INFORMATION SUPPLIED >>
=== Section Start ===

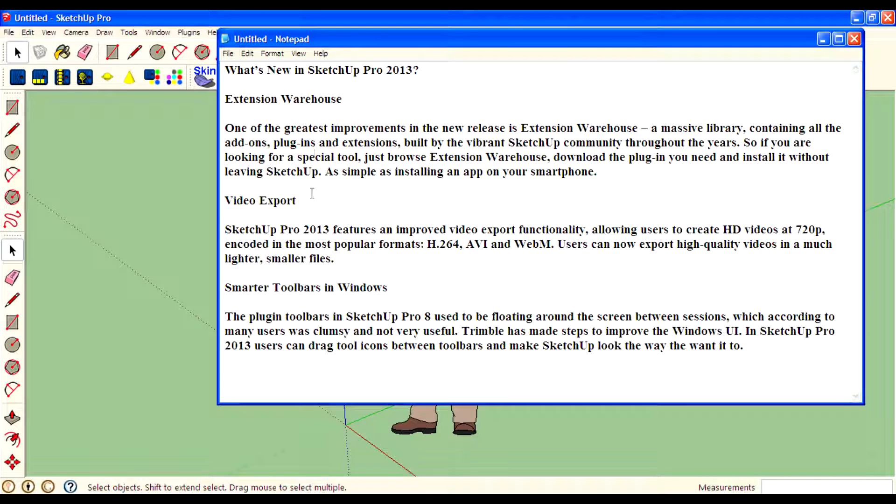The main features in Google SketchUp Pro 2013 are Extension Warehouse, video export, and smarter tools in Windows. This is the interface.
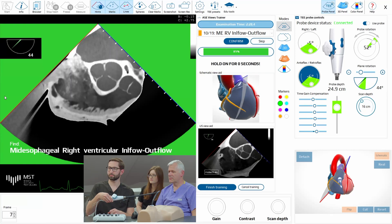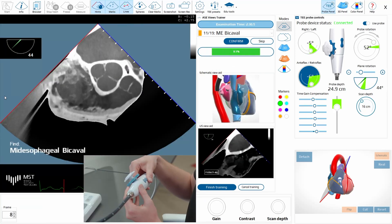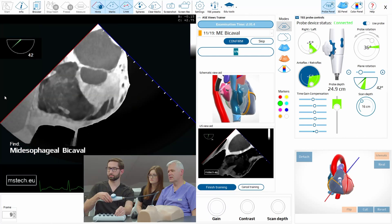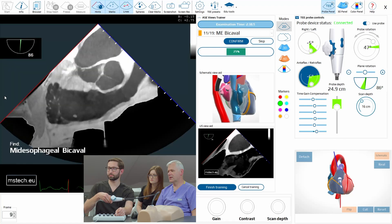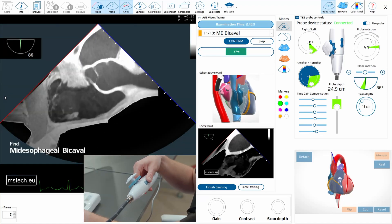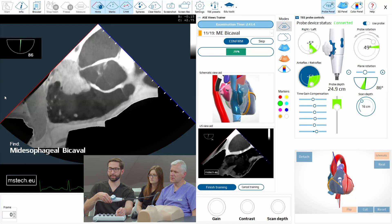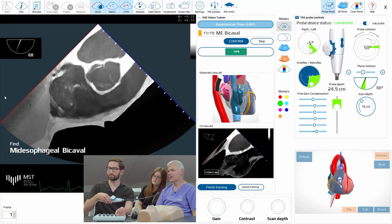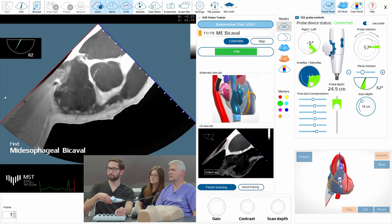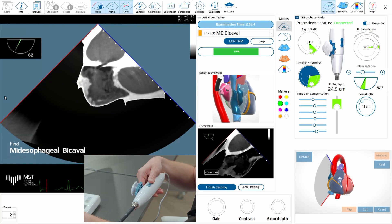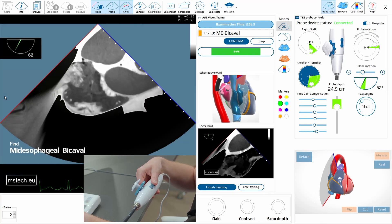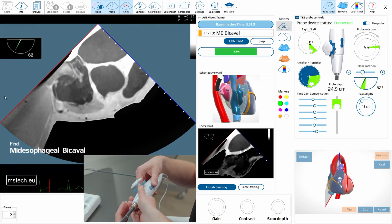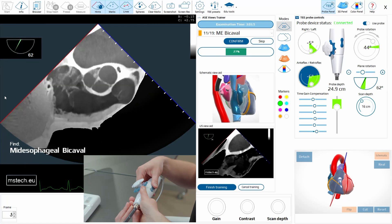RV inflow outflow. It's almost there, but you have to increase the angle slightly. Keep the aorta in the view. You increased too much — it should be around 60. Try to find it here. The aorta should be in the center, so you have to rotate like this and keep it here. Slightly increase probably.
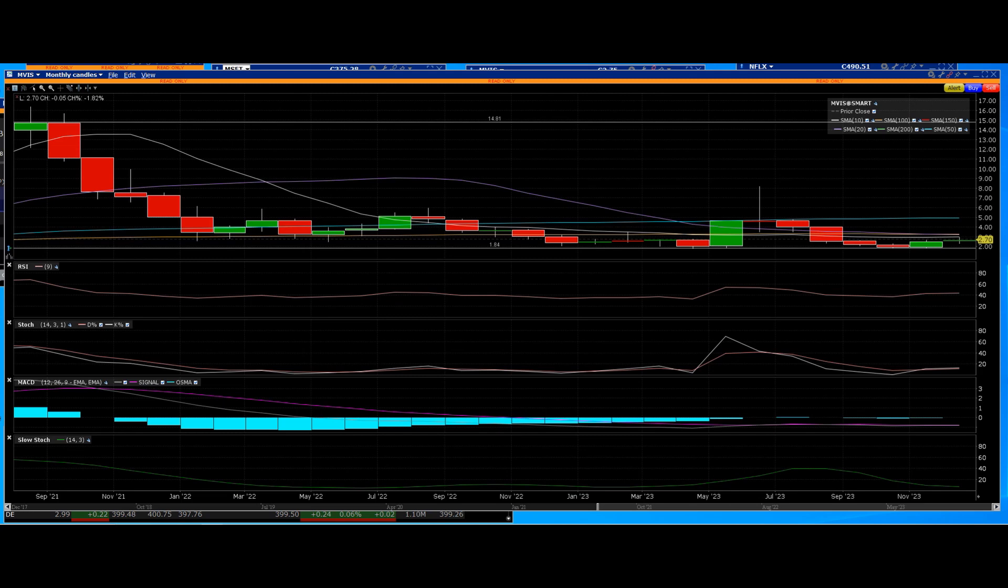On April 21st we had a big short squeeze right to that $28 mark. A lot of Reddit trading craze, a lot of Reddit traders were on there, a lot of people from various different companies that took this stock much higher.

=== Section End ===

YOUR GOAL >>
The full text of the data above, exact and without pictures, is what to return.

RESULT BELOW >>
The main features in Google SketchUp Pro 2013 are Extension Warehouse, video export, and smarter tools in Windows. This is the interface.
RV inflow outflow. It's almost there, but you have to increase the angle slightly. Keep the aorta in the view. You increased too much — it should be around 60. Try to find it here. The aorta should be in the center, so you have to rotate like this and keep it here. Slightly increase probably.
On April 21st we had a big short squeeze right to that $28 mark. A lot of Reddit trading craze, a lot of Reddit traders were on there, a lot of people from various different companies that took this stock much higher.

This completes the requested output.